### Use Twitter API with Tweepy, a Python wrapper, to search for all mentions of bands on XL Recordings (searchQuery)

In [9]:
from __future__ import print_function
import requests
from requests_oauthlib import OAuth1
import tweepy, cnfg, sys, os, json
import pandas as pd
import pprint


In [2]:
config = cnfg.load("./.twitter_config")
consumer_key = config['consumer_key']
consumer_secret = config['consumer_secret']

In [3]:
auth = tweepy.AppAuthHandler(consumer_key, consumer_secret)
 
api = tweepy.API(auth, wait_on_rate_limit=True, wait_on_rate_limit_notify=True
                )
 
if (not api):
    print ("Can't Authenticate")
    sys.exit(-1)

In [5]:
searchQuery = [('@adele', 'Adele'), ('#adele', 'Adele'), ('@radiohead', 'Radiohead'), ('#radiohead', 'Radiohead'), ('@TheAvalanches', 'The Avalanches'),('@IbeyiOfficial', 'Ibeyi'), ('@XLRECORDINGS', 'XL Recordings'), ('#xlrecordings', 'XL Recordings'),
              ('@gloriousunseen', 'Jack White'), ('@GILA_____', 'GILA'), ('@jai_paul', 'Jai Paul'), ('#jaipaul', 'Jai Paul'), ('Jai AND Paul', 'Jai Paul'), ('@KAYTRANADA', 'Kay Tranada'), ('#kaytranada', 'Kay Tranada'), ('#kingkrule', 'Kingkrule'),
              ('King AND Krule', 'Kingkrule'), ('@MusicLapsley', 'Lapsley'), ('#Lapsley', 'Lapsley'), ('Radiohead', 'Radiohead'), ('@ratatatmusic', 'Ratatat'), ('Ratatat', 'Ratatat'),
              ('@matsoR', 'ROSTAM'), ('ROSTAM', 'ROSTAM'), ('@sigurros', 'Sigur Ros'), ('Sigur Ros', 'Sigur Ros'), ('#sigurros', 'Sigur Ros'), ('@PaulWoolford', 'Paul Woolford'), ('@thomyorke', 'Thom Yorke'),('#thomyorke', 'Thom Yorke'),
              ('@vampireweekend', 'Vampire Weekend'), ('Thom Yorke', 'Thom Yorke'), ('#vampireweekend', 'Vampire Weekend'), ('@arzE', 'Ezra Koenig'), ('Ezra AND Koenig', 'Ezra Koenig'), ('@ZombyMusic', 'Zomby Music'), ('@qotsa', 'Queens of the Stone Age'),('#qotsa', 'Queens of the Stone Age'), ('Queens of the Stone Age', 'Queens of the Stone Age')]

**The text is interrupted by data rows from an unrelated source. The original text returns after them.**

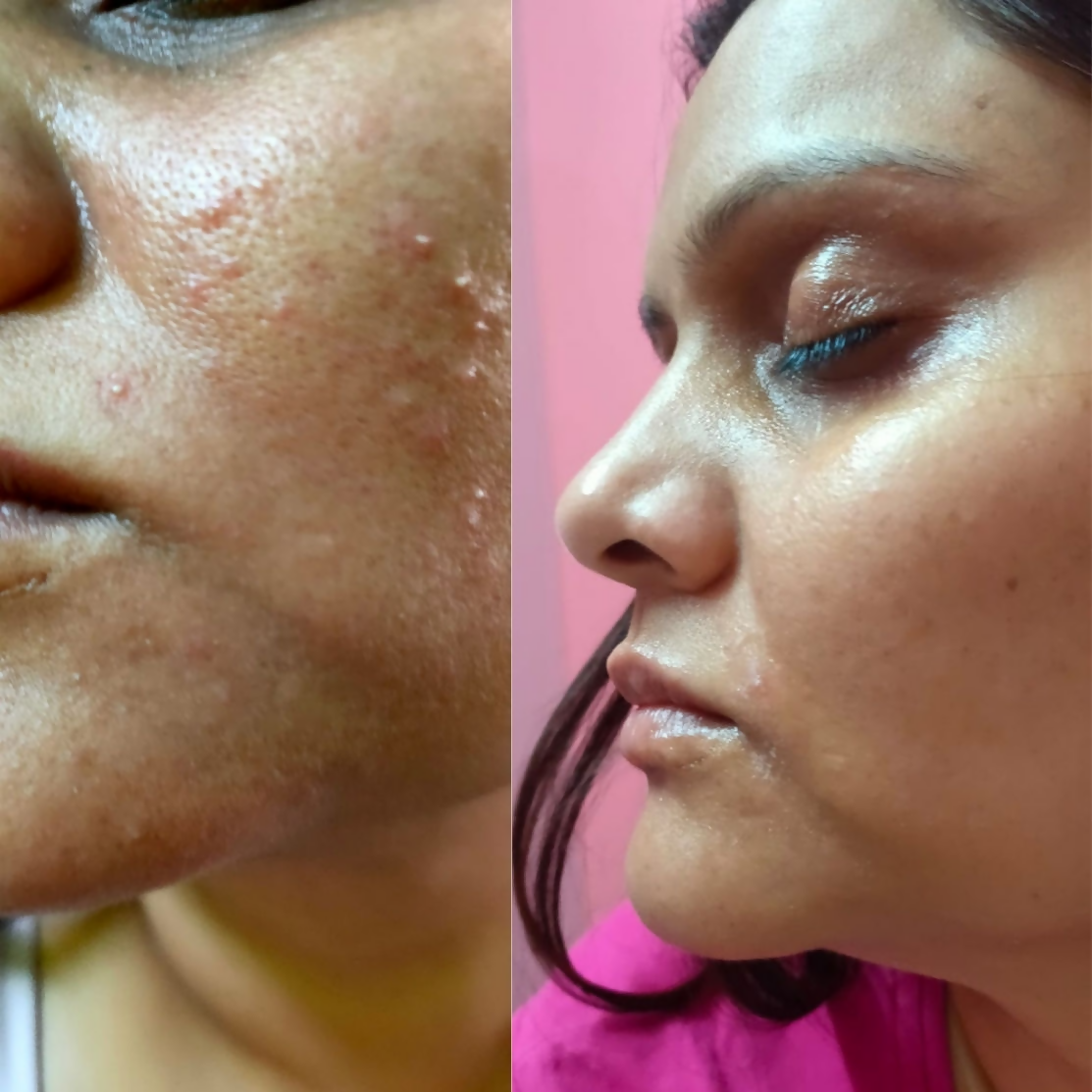 House of Beauty Acne Drying Serum - Swadesiicart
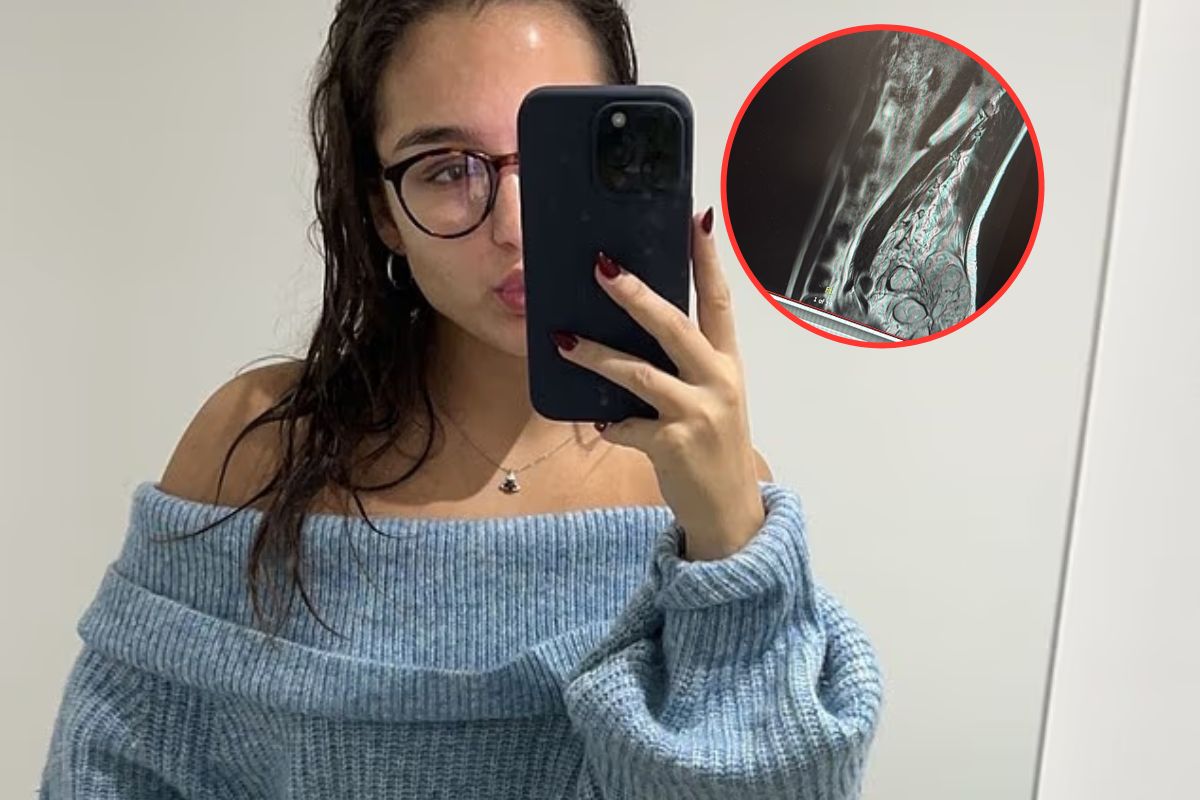 Guz był wielkości grejpfruta. Lekarze pomylili raka z rwą kulszową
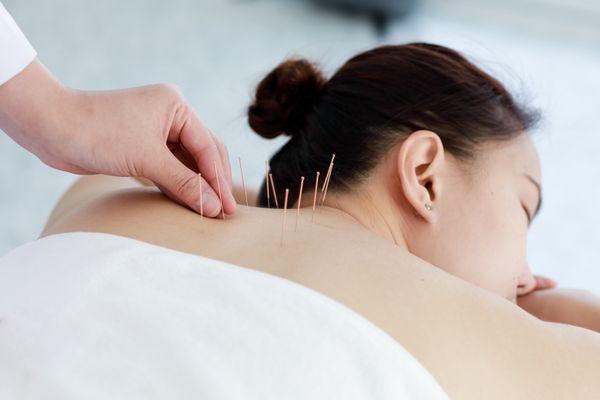 The Medical acupuncture!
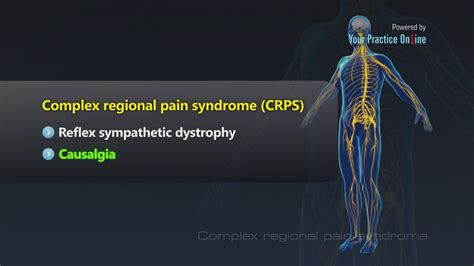 Complex Regional Pain Syndrome Video Causes And Symptoms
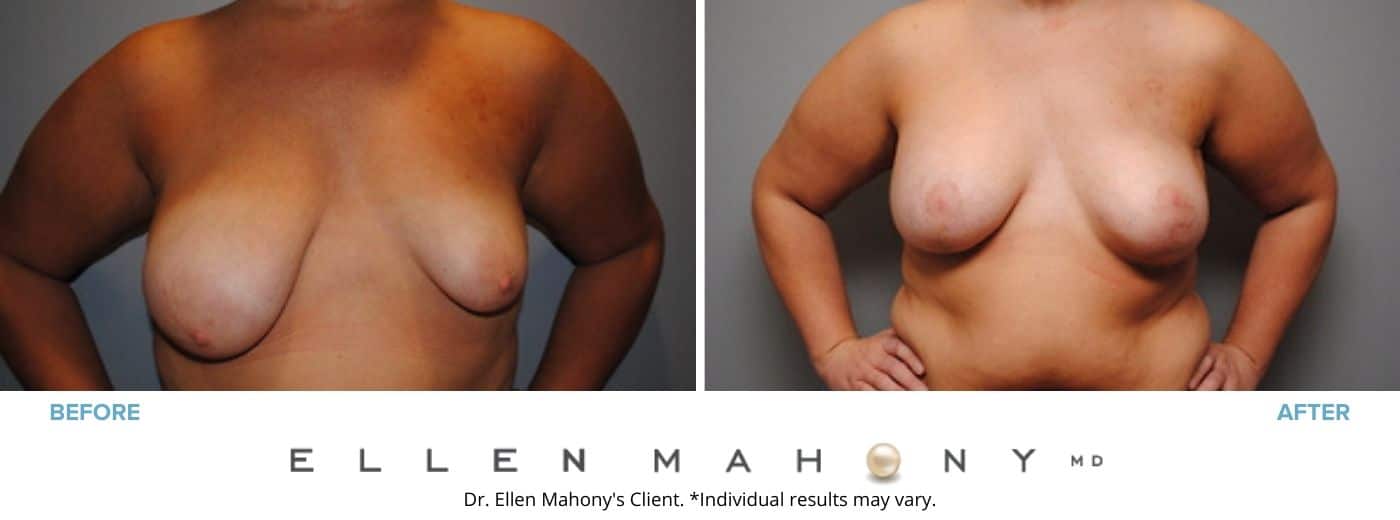 Breast Augmentation and Lift Westport CT | Dr. Ellen Mahony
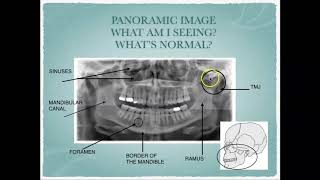 Radiographic Interpretation of Dental Anatomy [upl. by Mulligan]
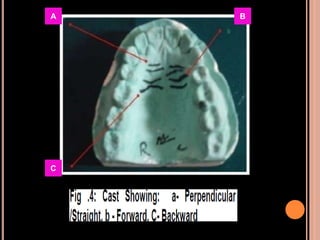 Sex determination in forensic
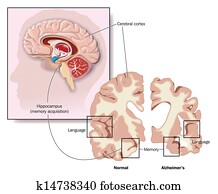 Brain damage in Alzheimer's Brain damage in Alzheimer's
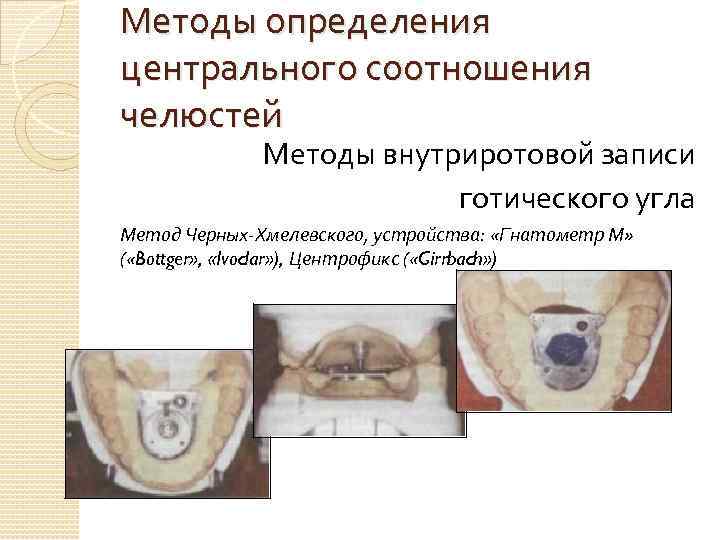Методы определения центрального соотношения челюстей Методы внутриротовой записи готического угла Метод Черных-Хмелевского, устройства: «Гнатометр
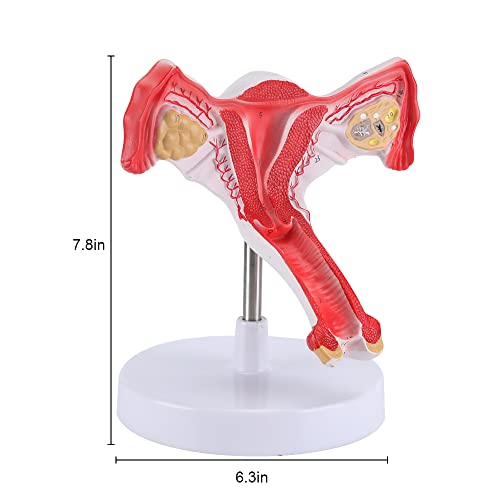 XKiss Human Uterus and Ovary Model, Female Reproductive Organ Model, Life Size Uterine Medical Educational Tool for Anatomical Gynecology Doctor Patient Communication Simulation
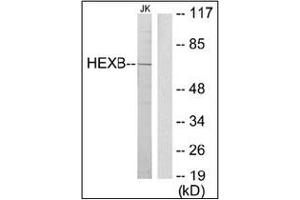 Western blot analysis of extracts from Jurkat cells using HEXB Antibody . (HEXB Antikörper  (C-Term))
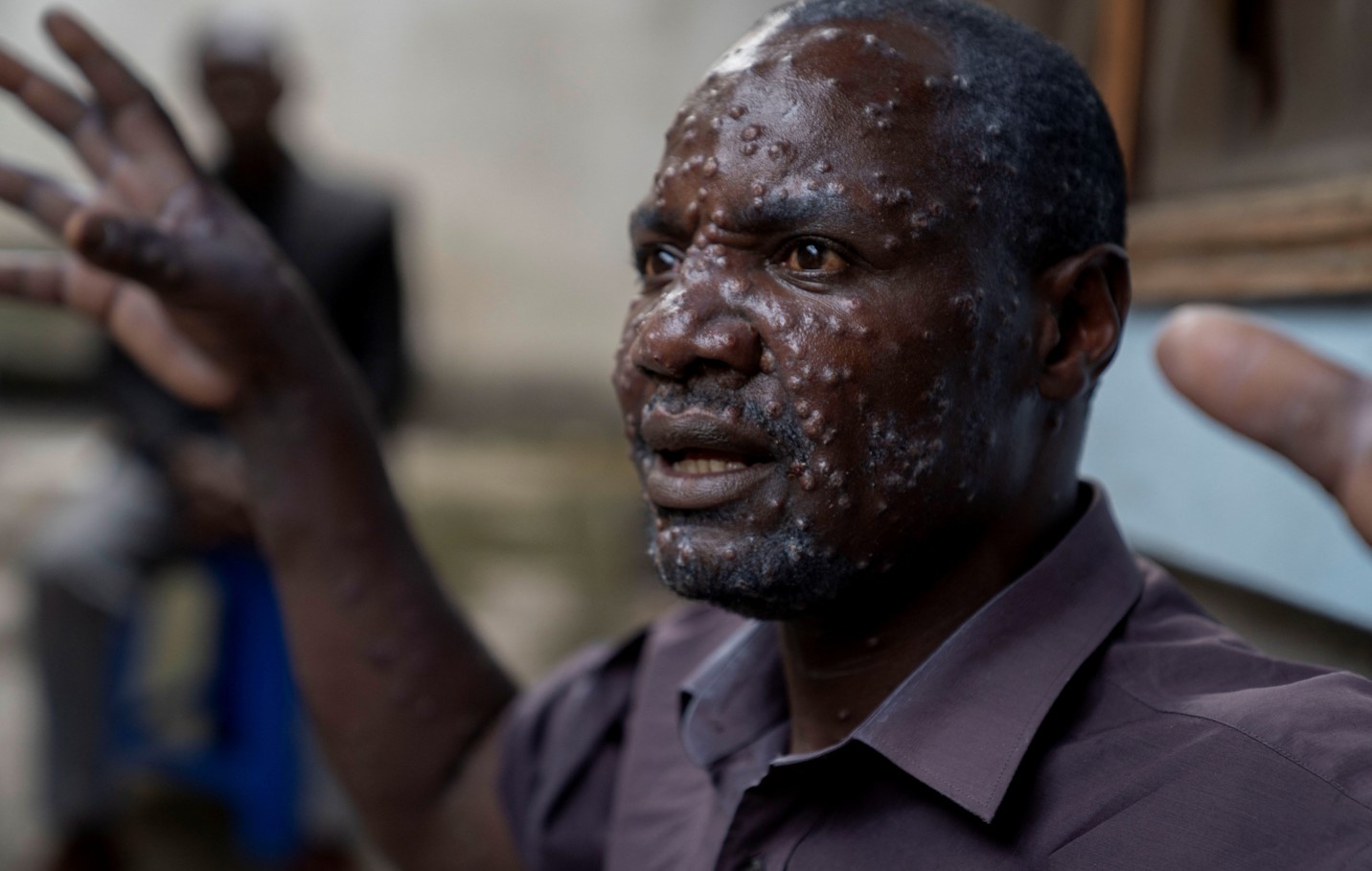 Jean Kakuru Biyambo, 48, a father of six from the Muja internally displaced persons camp, gestures outside his room at the Goma general hospital where he has been receiving treatment against Mpox - an infectious disease caused by the monkeypox virus that spark-off a painful rash, enlarged lymph nodes and fever; following Mpox cases in Nyiragongo territory, in Goma, North Kivu province, Democratic Republic of the Congo July 16, 2024. REUTERS/Arlette Bashizi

#### I modified code from a blog post here so that I could loop through multiple search queries and write to csv file
#### Blog: https://www.karambelkar.info/2015/01/how-to-use-twitters-search-rest-api-most-effectively./

In [1]:
import csv

maxTweets = 200000
tweetsPerQry = 100  # this is the max the API permits
fName = 'xl.csv' # save tweets to csv document

#go as far back as API allows
sinceId = None

# If results only below a specific ID are, set max_id to that ID.
# else default to no upper limit, start from the most recent tweet matching the search query.
max_id = -1

tweetCount = 0
print("Downloading max {0} tweets".format(maxTweets))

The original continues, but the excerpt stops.